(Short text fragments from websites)
[Start of Attachment]
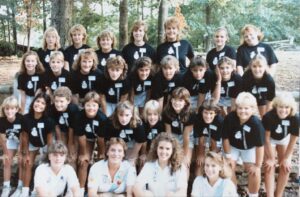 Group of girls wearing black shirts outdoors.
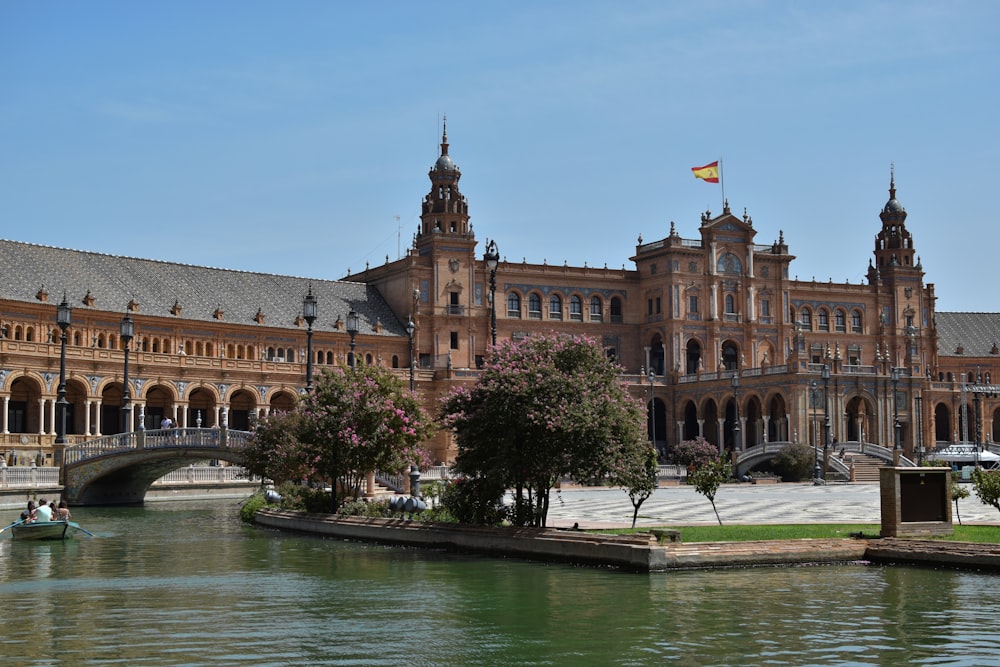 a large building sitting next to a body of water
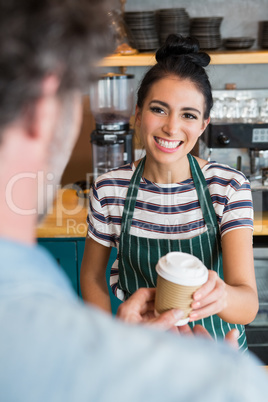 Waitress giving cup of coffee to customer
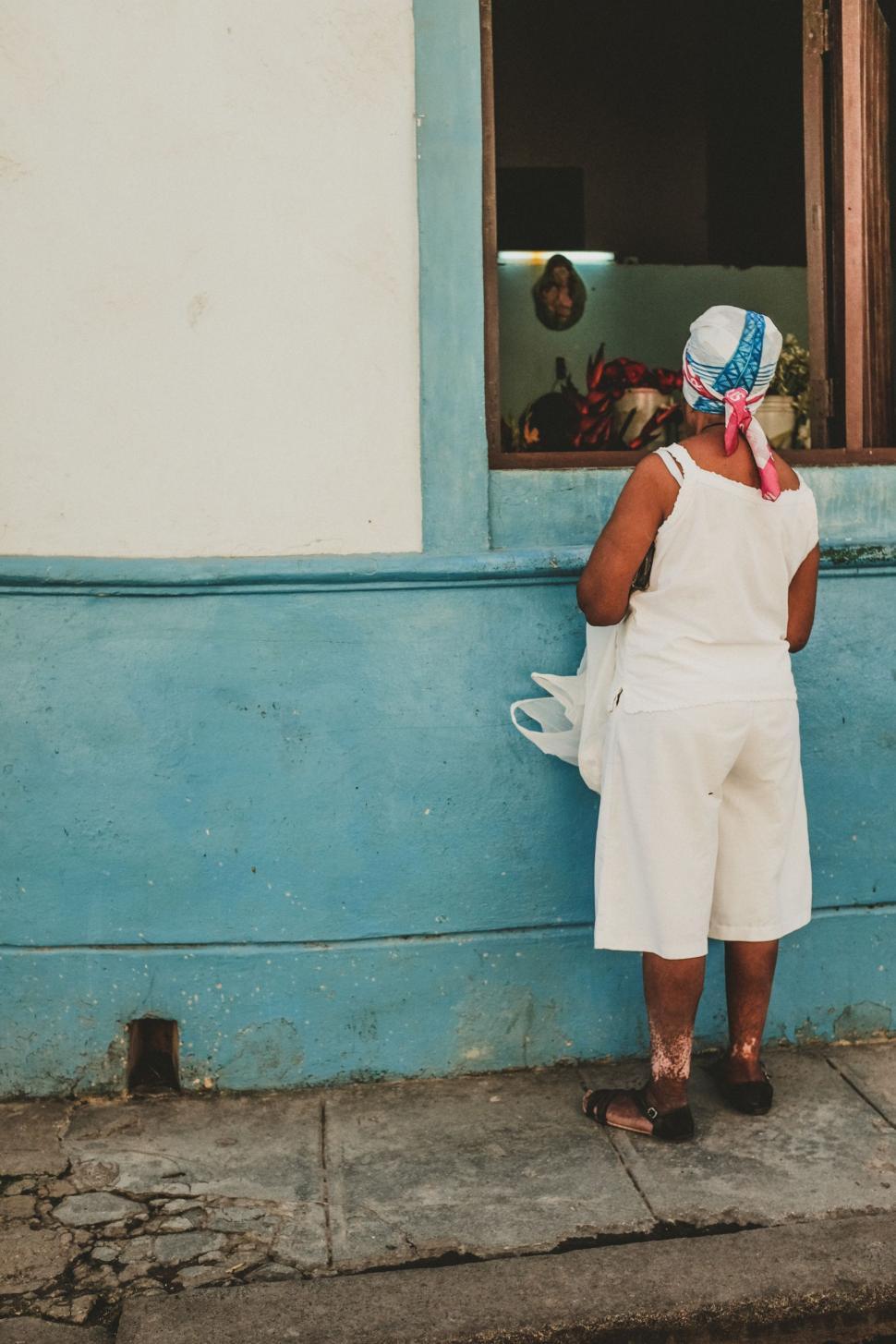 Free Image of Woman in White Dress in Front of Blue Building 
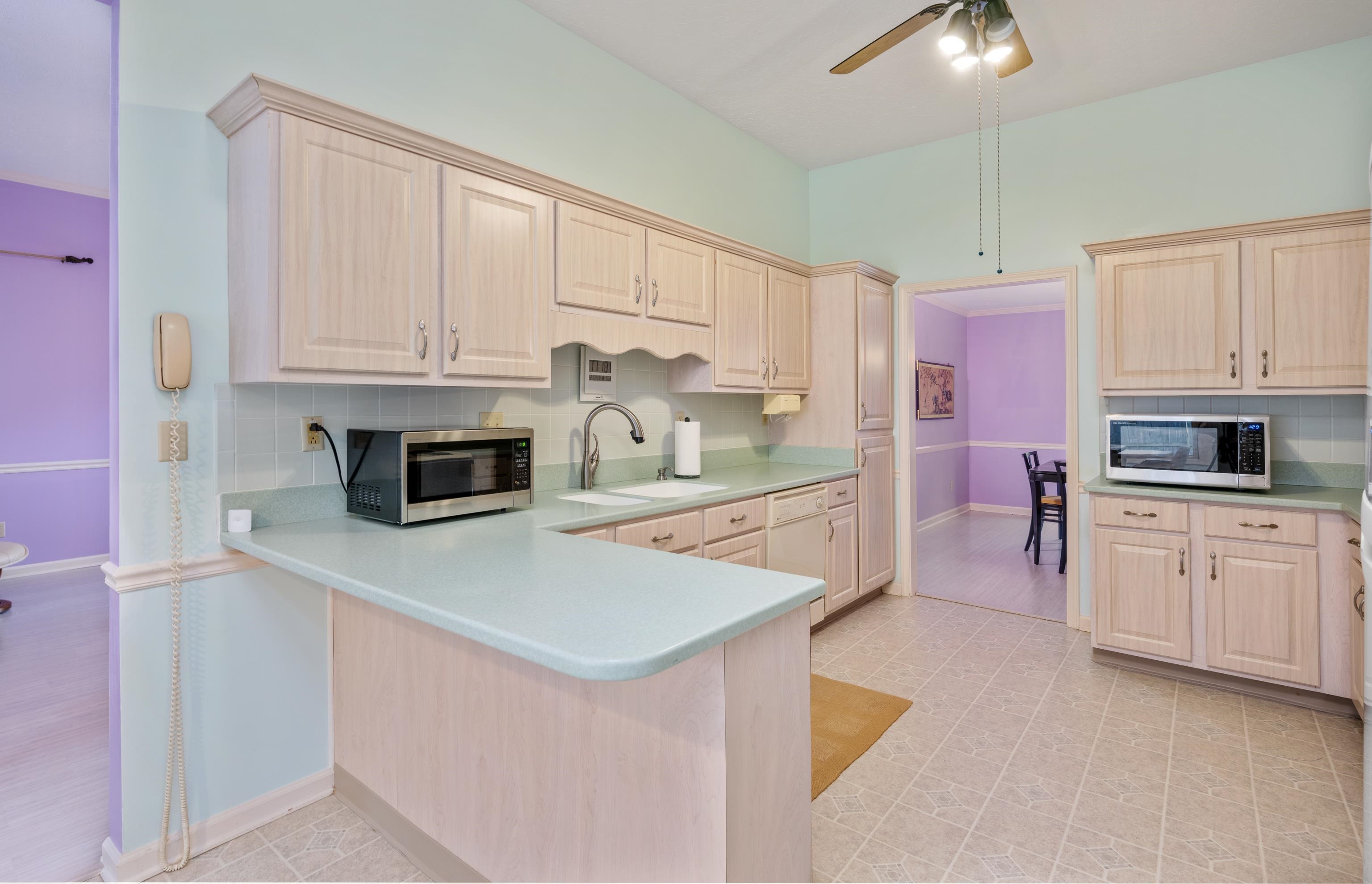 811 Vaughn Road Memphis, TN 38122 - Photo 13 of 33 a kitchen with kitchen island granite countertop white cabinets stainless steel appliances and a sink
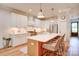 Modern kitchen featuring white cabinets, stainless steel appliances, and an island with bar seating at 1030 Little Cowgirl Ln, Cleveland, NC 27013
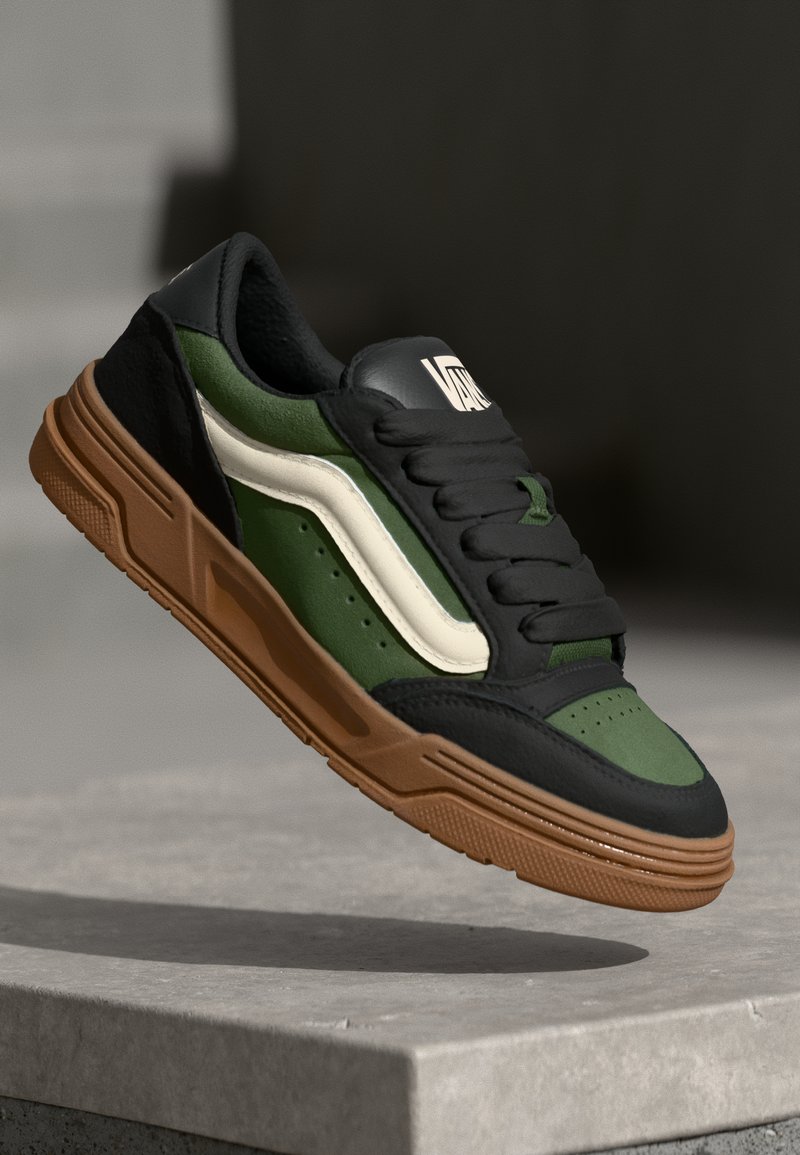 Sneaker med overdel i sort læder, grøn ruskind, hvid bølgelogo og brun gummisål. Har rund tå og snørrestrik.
[End of Attachment]
EXERCISE: Which part of the entries opens with the line containing "a large building" and closes with the line containing "811 Vaughn Road"? Output that part exactly, ends included, pictures excluded.

OUTPUT FOR THIS EXERCISE:
 a large building sitting next to a body of water
 Waitress giving cup of coffee to customer
 Free Image of Woman in White Dress in Front of Blue Building 
 811 Vaughn Road Memphis, TN 38122 - Photo 13 of 33 a kitchen with kitchen island granite countertop white cabinets stainless steel appliances and a sink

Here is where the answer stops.